Michael Cimino, Les voix perdues de l’Amérique est une conversation avec Cimino et une réflexion sur son œuvre. L’ouvrage n’est pas chronologique mais navigue d’un film à l’autre, au gré des paysages traversés par l’auteur et le réalisateur (ils partent de Los Angeles et se rendent au Colorado). Jean-Baptiste Thoret digresse habilement pour éclairer certains aspects de la conversation ou pour faire partager son point de vue sur les œuvres abordées. Tous les films du réalisateur sont traités mais une attention particulière est accordée à Voyage au bout de l'enfer et à La Porte du paradis, les deux films phares de Cimino. Leur analyse par Thoret est passionnante : avec toute sa verve et son amour pour le sujet, il aide le spectateur à mieux comprendre les œuvres en les resituant dans leur contexte. Il met le doigt sur certains détails et points clés des récits, et les films prennent une ampleur nouvelle.
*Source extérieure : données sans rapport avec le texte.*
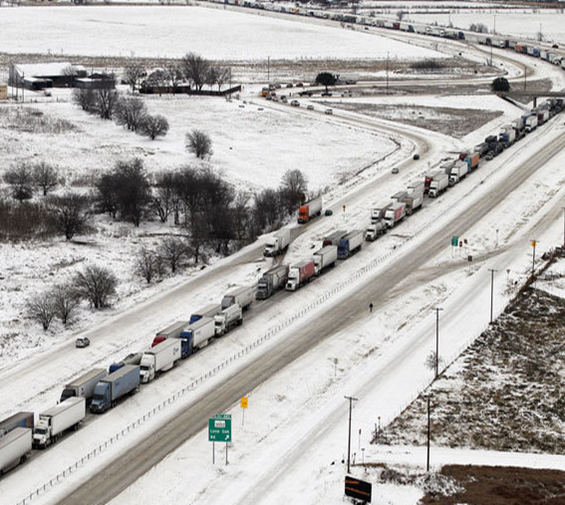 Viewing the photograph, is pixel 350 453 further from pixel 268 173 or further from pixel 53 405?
pixel 268 173

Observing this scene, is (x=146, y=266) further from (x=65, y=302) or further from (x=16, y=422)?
(x=16, y=422)

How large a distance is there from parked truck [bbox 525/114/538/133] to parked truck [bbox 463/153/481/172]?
25.3 meters

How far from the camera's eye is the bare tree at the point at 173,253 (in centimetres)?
8588

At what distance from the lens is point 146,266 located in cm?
8438

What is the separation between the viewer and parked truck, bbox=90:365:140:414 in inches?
2296

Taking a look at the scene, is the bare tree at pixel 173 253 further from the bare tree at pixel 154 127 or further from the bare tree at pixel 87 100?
the bare tree at pixel 87 100

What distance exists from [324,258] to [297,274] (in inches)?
219

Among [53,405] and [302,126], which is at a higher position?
[302,126]

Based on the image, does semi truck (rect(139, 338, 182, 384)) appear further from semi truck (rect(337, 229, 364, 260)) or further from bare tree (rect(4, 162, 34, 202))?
bare tree (rect(4, 162, 34, 202))

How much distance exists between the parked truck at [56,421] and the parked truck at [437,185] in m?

Bien qu’élégiaque vis-à-vis de Cimino, dont ni la parole ni les films ne sont remis en question, le livre s’avère prenant de bout en bout. Le style est très fluide, les transitions de la conversation à la réflexion sont habiles, et le récit est dense en informations sans être trop long. Quelques photos en noir et blanc (sur papier normal dans une qualité moyenne) émaillent le texte, mélange de photos de tournage et de photos prises par Thoret lui-même lors du périple.
Autant l’avouer, nous ne sommes pas vraiment fans des films de Michael Cimino (2). Idem pour le personnage, dont l’égo très développé transparaît clairement dans les conversations : il n’hésite pas à se moquer du Parrain 2 de Coppola ou de La Dernière tentation du Christ de Scorsese en raison de l’accent des acteurs (c’est sûr, John Cazale, Robert de Niro ou Meryl Streep sont très crédibles en Américains d’origine russes dans Voyage au bout de l'enfer...) ; il s’attache toujours à la plus pure réalité historique, insiste-t-il, et il est critiqué pour cela (les libertés historiques sont grandes dans plusieurs de ses films, notamment La Porte du paradis et Le Sicilien) ; il se jette régulièrement des fleurs sur sa façon de tourner sans jamais se remettre en cause ni essayer de comprendre pourquoi ses rares films ne marchent plus depuis longtemps.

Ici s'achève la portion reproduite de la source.